Write the records below out again exactly as given, with no images.

Information
-- Opening Marker --

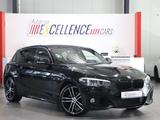 BMW 118i EDITION M-SPORT-PAKET / LED, LEDER, NAVI+ - BMW 118: M Paket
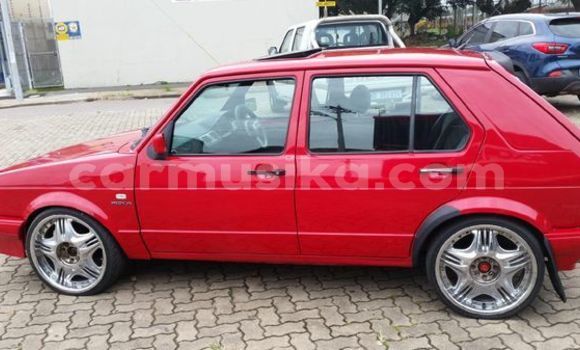 Acheter Occasion Voiture Volkswagen Golf Rouge à Beitbridge, Matabeleland South Acheter Occasion Voiture Volkswagen Golf Rouge à Beitbridge, Matabeleland South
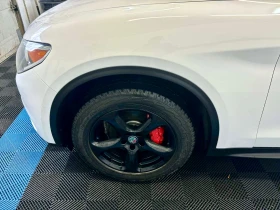 Alfa Romeo Stelvio Q4* DISTRONIC* ПОДГРЕВ* PANORAMA* КАМЕРА* , снимка 6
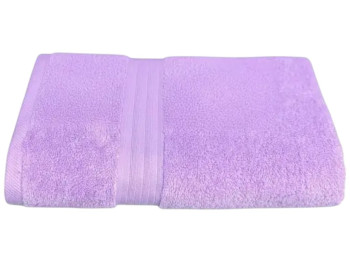 Полотенце Soho Abba Lilac, хлопок, 30×50см, цвет сиреневый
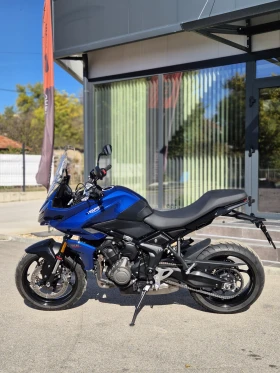 Triumph Tiger Sport 660 4660км!!! ШВЕЙЦАРИЯ, КАТО НОВ!!!, снимка 4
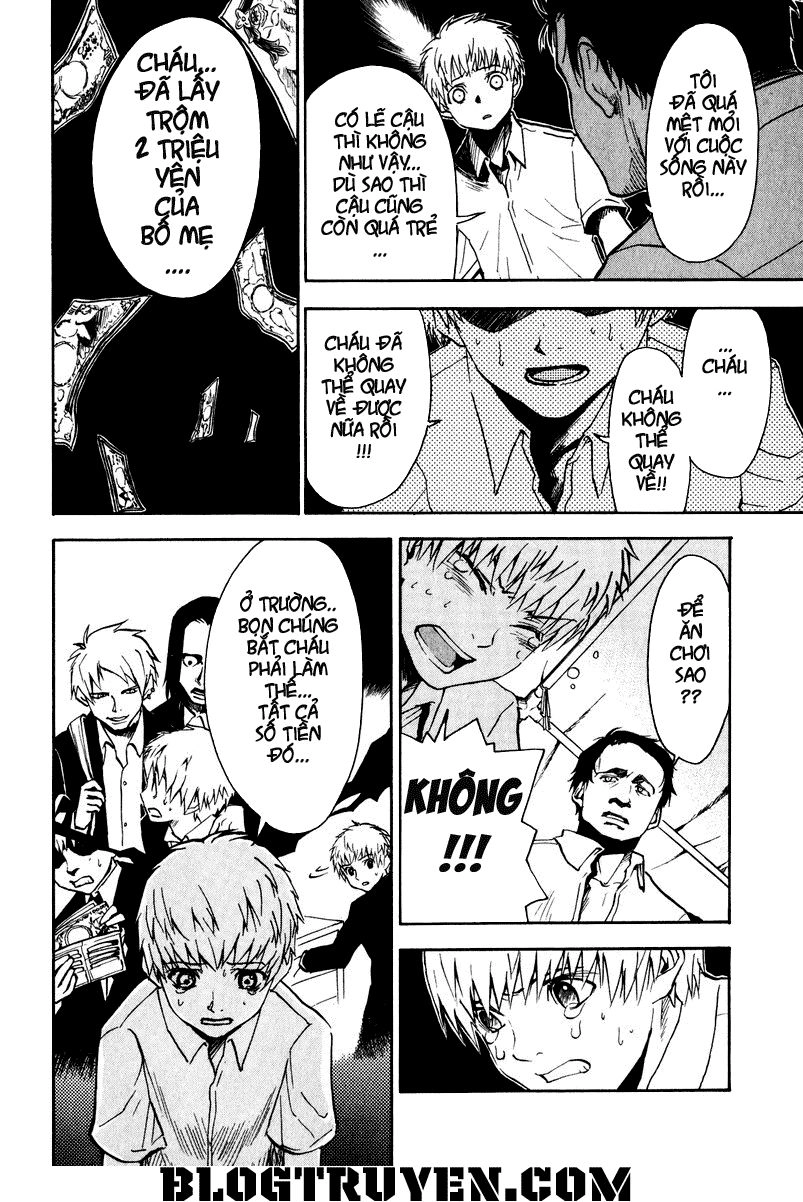 Chào Mừng Đến Với Nhk Chapter 10 - 14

-- Closing Marker --

Task response
 BMW 118i EDITION M-SPORT-PAKET / LED, LEDER, NAVI+ - BMW 118: M Paket
 Acheter Occasion Voiture Volkswagen Golf Rouge à Beitbridge, Matabeleland South Acheter Occasion Voiture Volkswagen Golf Rouge à Beitbridge, Matabeleland South
 Alfa Romeo Stelvio Q4* DISTRONIC* ПОДГРЕВ* PANORAMA* КАМЕРА* , снимка 6
 Полотенце Soho Abba Lilac, хлопок, 30×50см, цвет сиреневый
 Triumph Tiger Sport 660 4660км!!! ШВЕЙЦАРИЯ, КАТО НОВ!!!, снимка 4
 Chào Mừng Đến Với Nhk Chapter 10 - 14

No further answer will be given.